I think it’s been incredibly effective. I think our job was to give a lot more shape in government to what that movement could achieve. But I’m quite convinced that a lot of people laid the foundation over the last decade so that this could happen now. So that has every element, to me, of what a classic and effective movement is. I think there was clearly a movement around policing issues—and, again, a very effective one, particularly around stop-and-frisk: very broad, lots of focal points of leadership, some better known than others, but it was quite a broad and deep movement. Lots of community leaders, clergy, elected officials, organizations—and it worked. It redefined the debate and forced action.

So when I look around, the efforts in this city to defend the interests of immigrants, including undocumented immigrants, clearly inform our efforts on municipal ID, on coming up with a new set of standards on the federal detainers [requests issued by federal authorities to local law enforcement to turn over immigrants arrested on criminal charges]. So I think the movement is alive and well in New York City.

And this is part of why I think the elective piece of the equation should never be underestimated: because we’re at a point now where economic populism is going to loom very large for years to come. We have an opportunity to elect more people who comfortably align with progressive movements. And I think that sort of one-two punch is really important.

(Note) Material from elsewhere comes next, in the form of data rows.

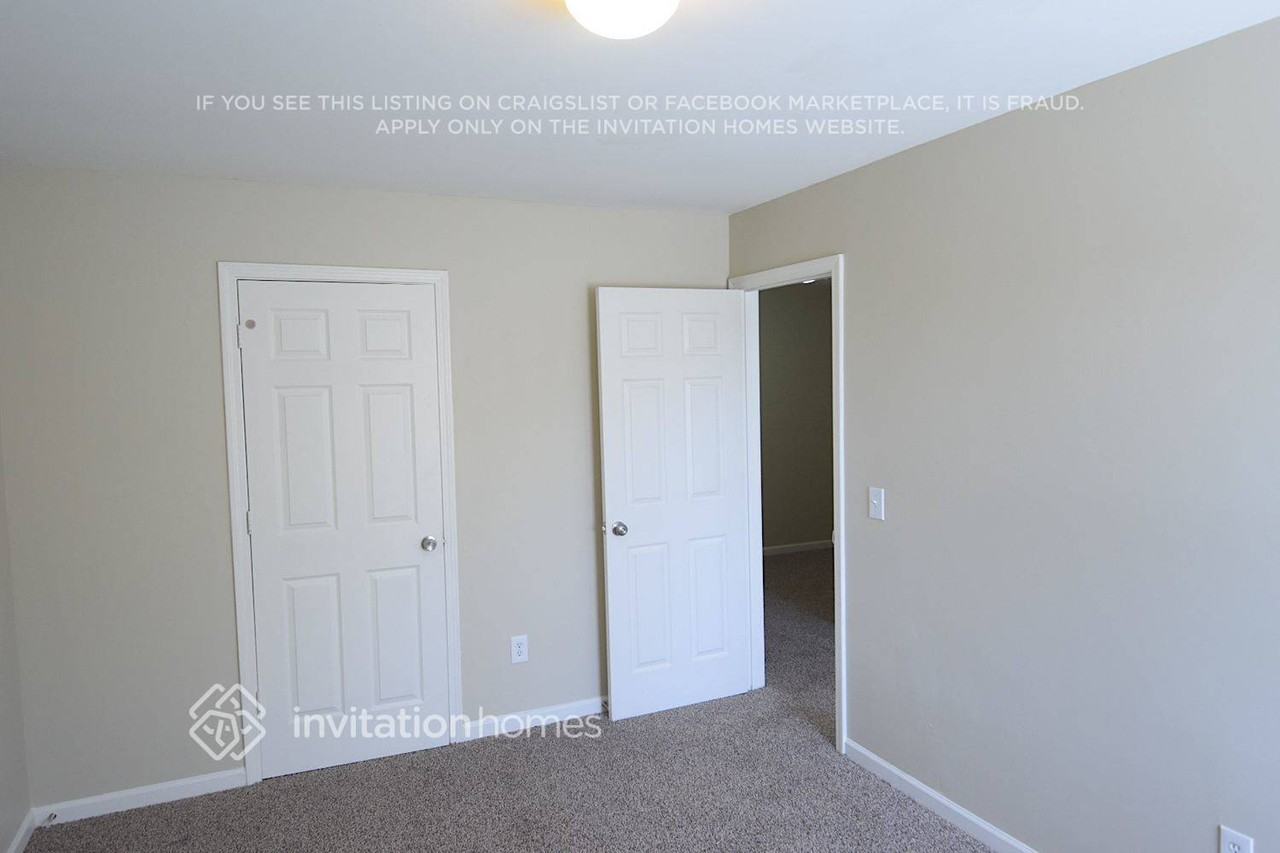 349 Victory Ln - Photo 3 of 5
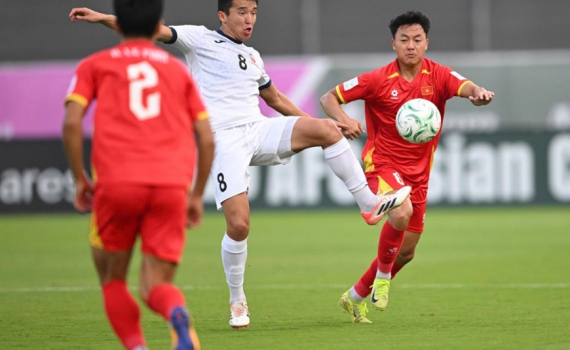 Đ&aacute;nh bại U23 Kyrgyzstan 2-1, U23 Việt Nam s&aacute;ng cửa v&agrave;o tứ kết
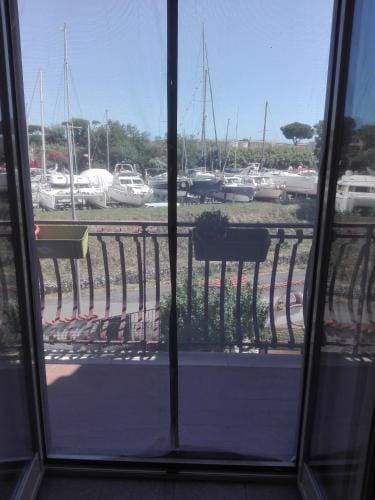 A Santy's Rooms-BAGNOCONDIVISO SHAREDBOTH ROOM2piano-no lift-3chilom a piedi xAEROPORTO-A PAGAMENTO  Hotel in Fiumicino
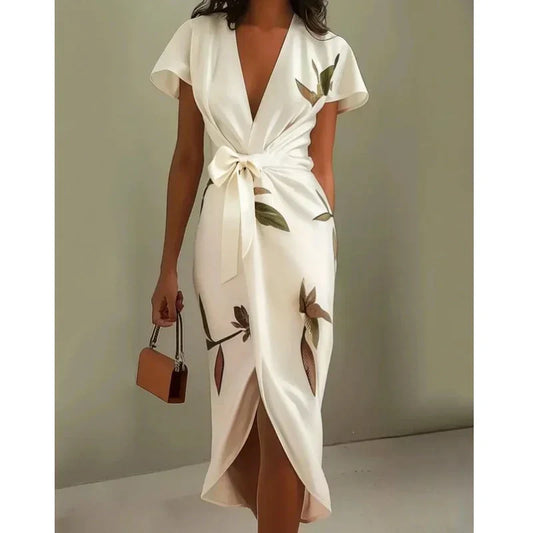 Дамска бяла рокля с V-образно деколте и колан на талията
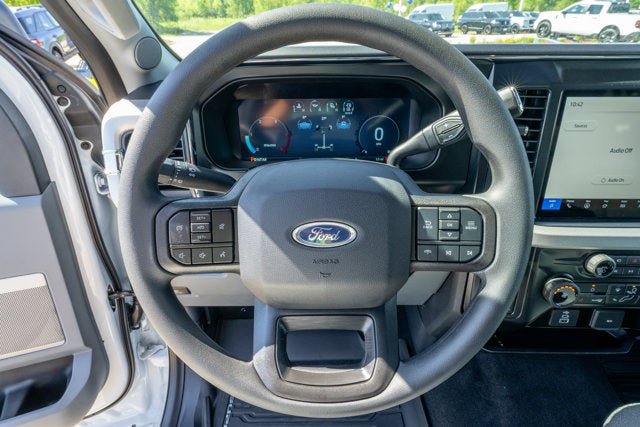 New 2026 Ford F350 XLT w/ XLT Premium Package AWD/4WD image 31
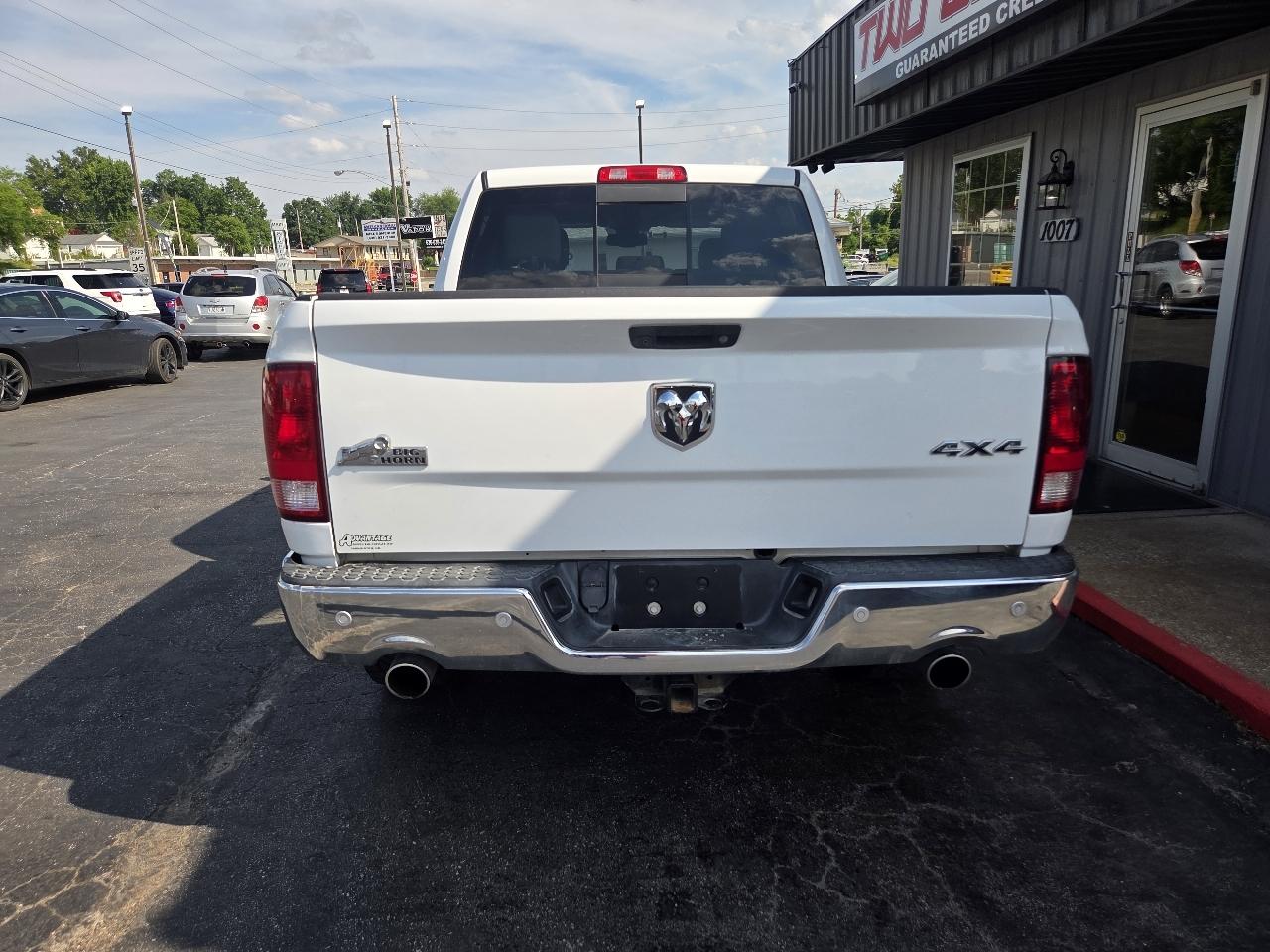 RAM 1500 SLT Crew Cab SWB 4WD 2017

Alterman: So the de Blasio mayoralty is an investment in the future of the progressive movement?

de Blasio: Absolutely. But, to be fair, I see it as two things: I see it as that, and as an investment in a generation of folks who will be in government. I’m very proud of this year, and certainly the team that made it possible, because we said—I’ve been very open about it—we said, with great, humble deference to the New Deal, that we were going to try and do something here and now and local that remembered the core principles of the New Deal: the speed, the experimentation, the boldness. And between pre-K and after-school [programs] and the affordable-housing plan and the municipal ID and paid sick leave, I think we are living out that vision.

But the people who are part of it are going to be both types. They’re going to be people who are part of government work and will continue, hopefully, in more and more senior roles, to develop these kinds of ideas and approaches. But there’s also a lot of people—we brought in a lot of people who had never been in government before, who might never stay in government, but who are hopefully going to be more effective for their communities and help to build movements outside. So I think we actually have an obligation to do both.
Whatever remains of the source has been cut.